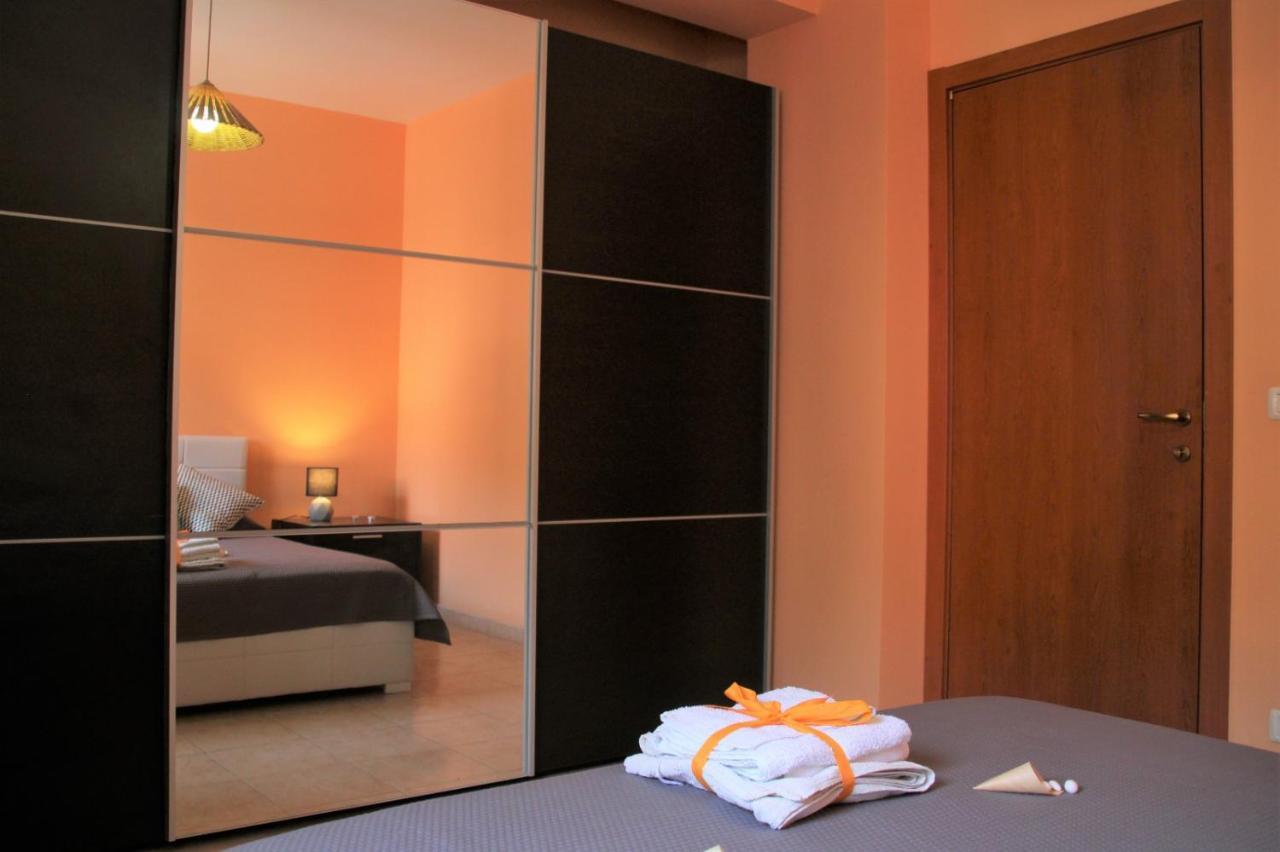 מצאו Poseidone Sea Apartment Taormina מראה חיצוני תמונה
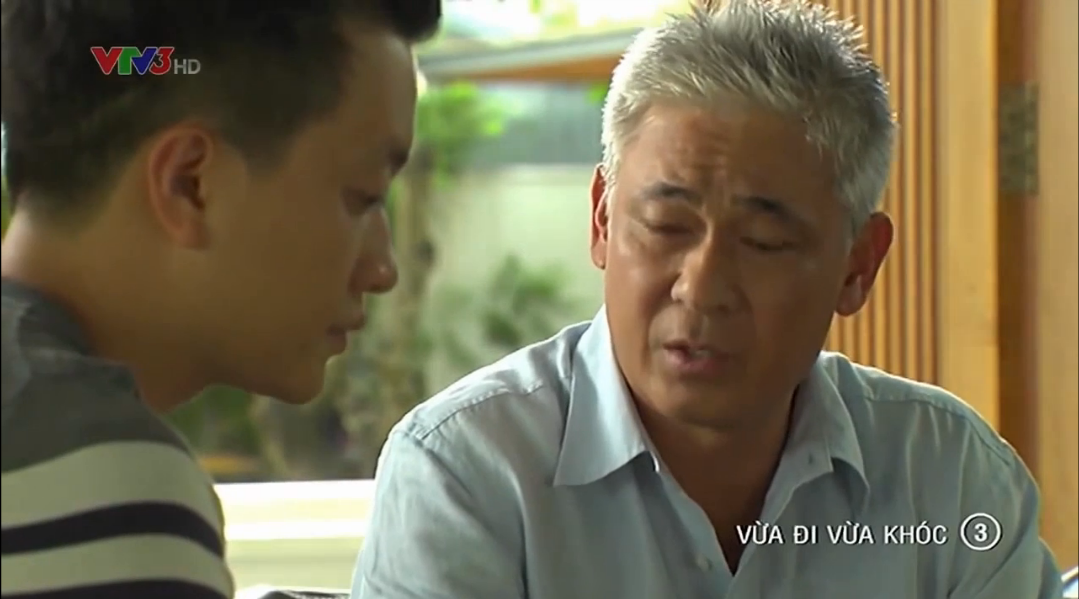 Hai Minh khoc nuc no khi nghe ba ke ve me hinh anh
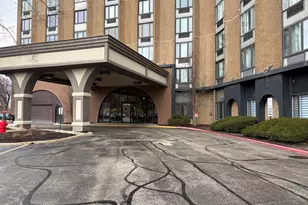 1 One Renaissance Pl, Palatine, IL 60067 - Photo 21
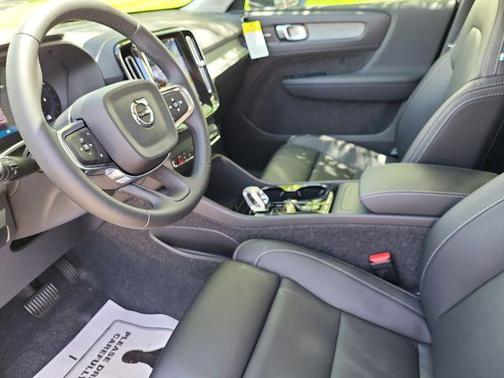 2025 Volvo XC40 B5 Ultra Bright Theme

Your objective ▸ Reproduce the preceding material exactly, skipping pictures.

Answer to this task ▸
 מצאו Poseidone Sea Apartment Taormina מראה חיצוני תמונה
 Hai Minh khoc nuc no khi nghe ba ke ve me hinh anh
 1 One Renaissance Pl, Palatine, IL 60067 - Photo 21
 2025 Volvo XC40 B5 Ultra Bright Theme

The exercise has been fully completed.